L’arrêt qui le frappait fut notifié à Alfred de Musset par cette lettre qui ne lui parvint que dans les premiers jours du mois de juin, M. Recurt, docteur-médecin, étant Ministre de l’Intérieur, M. Ledru-Rollin ayant été révoqué le 11 mai 1848[1] :

« Citoyen,

« J’ai le regret de vous annoncer que par un arrêté du 5 mai courant, le Ministre vous a admis à faire valoir vos droits à la retraite.

« Salut et Fraternité.

« Paris, 8 mai 1848.

« Le Secrétaire général, « CARTERET ».

Malgré les précautions prises en haut lieu, cette inqualifiable mise à pied ne tarda pas à être connue, et les journaux, à la seule exception de ceux payés par le gouvernement, se rangèrent du côté d’Alfred de Musset :

LES SALTIMBANQUES, no 2, juin 1848. — « Une brutale destitution vient de frapper Alfred de Musset ; on l’a traité comme un homme vulgaire ; il est vrai que tous les hommes sont égaux devant l’ordonnance du médecin ».

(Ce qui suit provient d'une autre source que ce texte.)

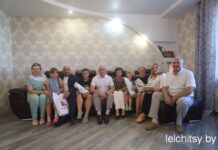 С подарками — к двойняшкам-первоклашкам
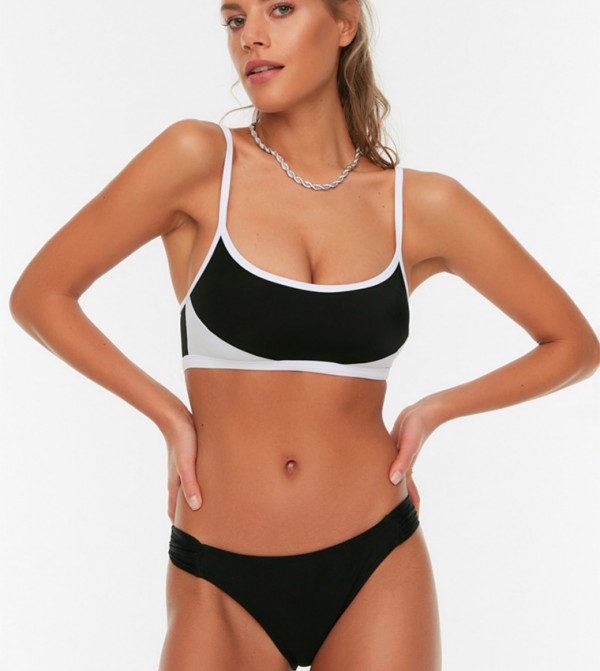 Buy Trendyol Ruffle Detailed Bikini Bottom In Black Thstreet Bahrain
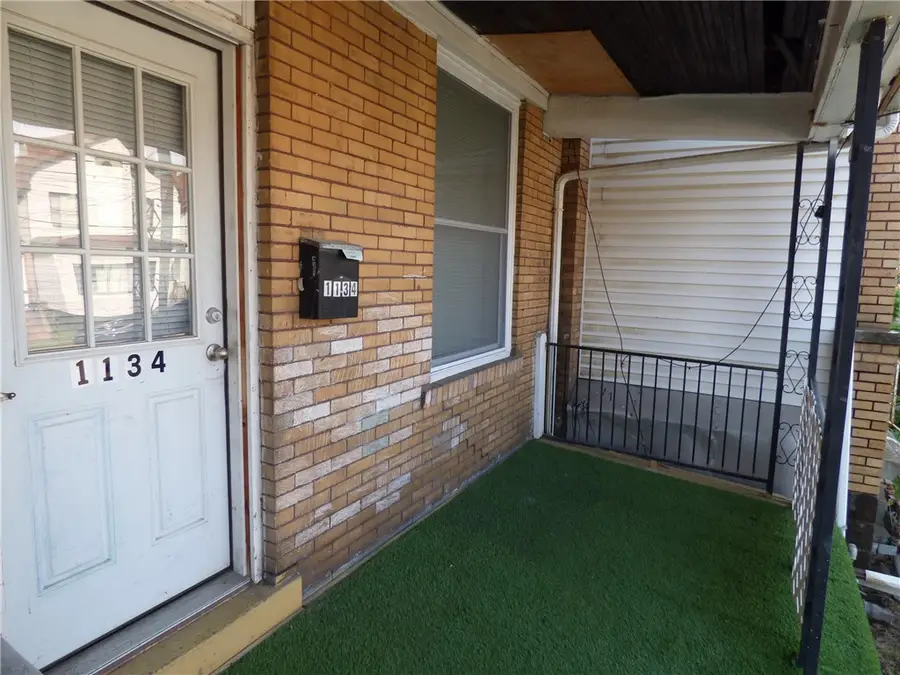 1134 Race St, Stowe, PA 15136 - #2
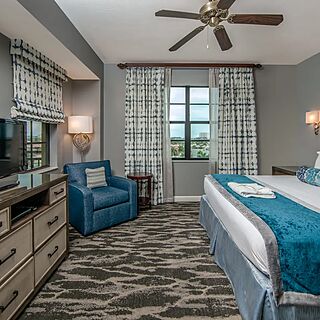 Holiday Inn Club Vacations Marco Island - Sunset Cove Resort — Sample bedroom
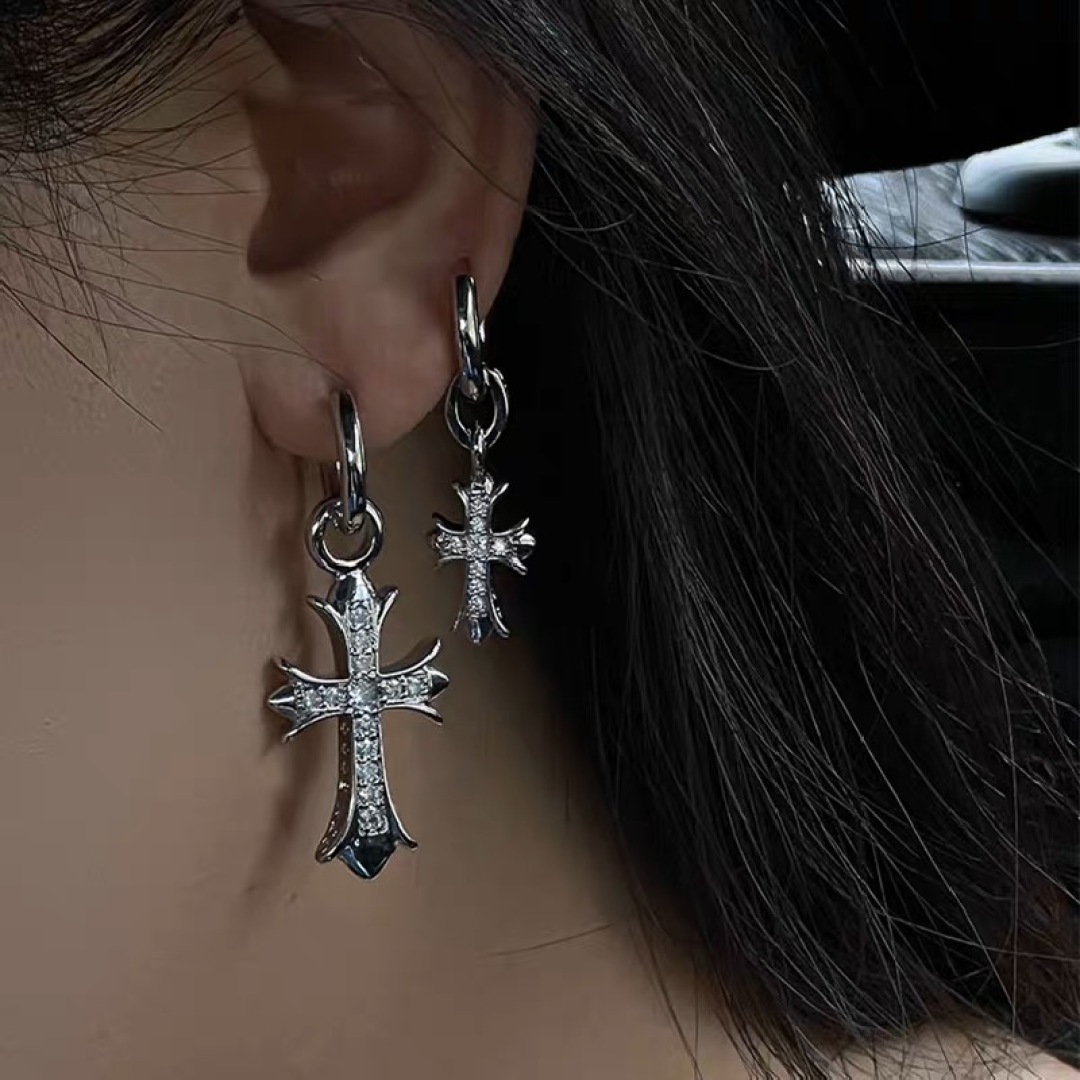 ❤️克罗心这个品牌不是很熟悉，但这个牌子在美国可是异常火爆，中国不少富二代也是品牌追随者。品牌最初是以银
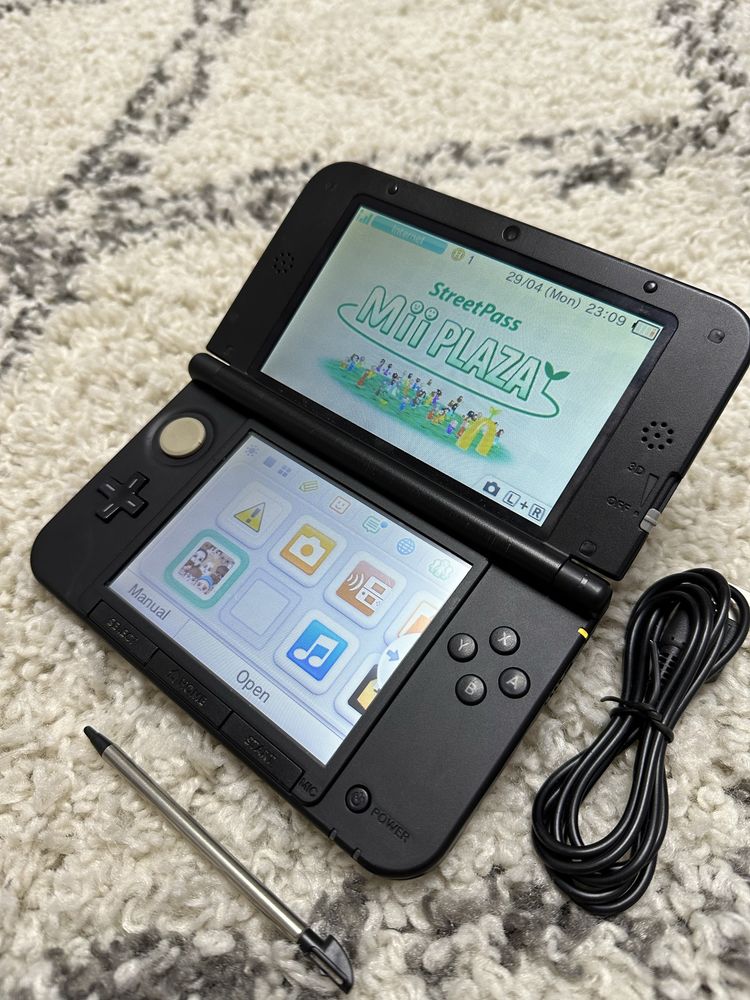 Nintendo 3ds xl - perfect functional + 3 jocuri cadou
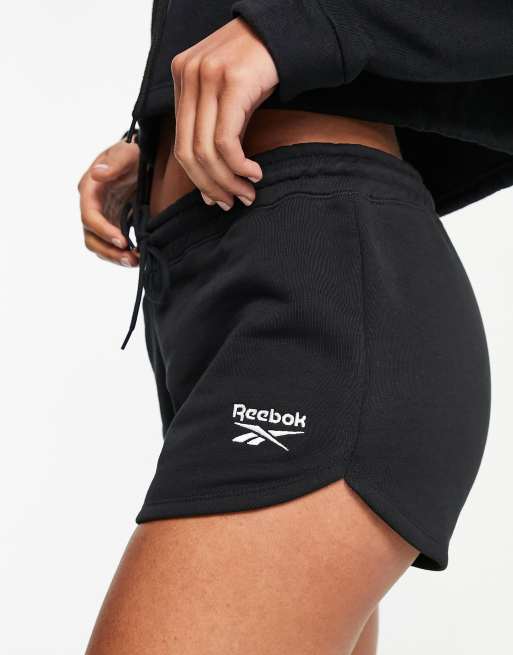 Reebok Sweat Shorts in Schwarz mit Logo ASOS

LA PROVIDENCE, 12 juin 1848. — « M. Alfred de Musset, bibliothécaire au Ministère de l’Intérieur, vient d’être révoqué de ses fonctions. Si nos informations sont exactes, cette nouvelle lui aurait été signifiée de la façon la plus inattendue et la plus blessante. Il est impossible de contenir la douleur que de pareils actes inspirent. La destitution de M. Lebrun et de M. Mignet était déjà un fait déplorable ; celle de M.

  1. Inséré au Moniteur Universel du 13 mai 1848.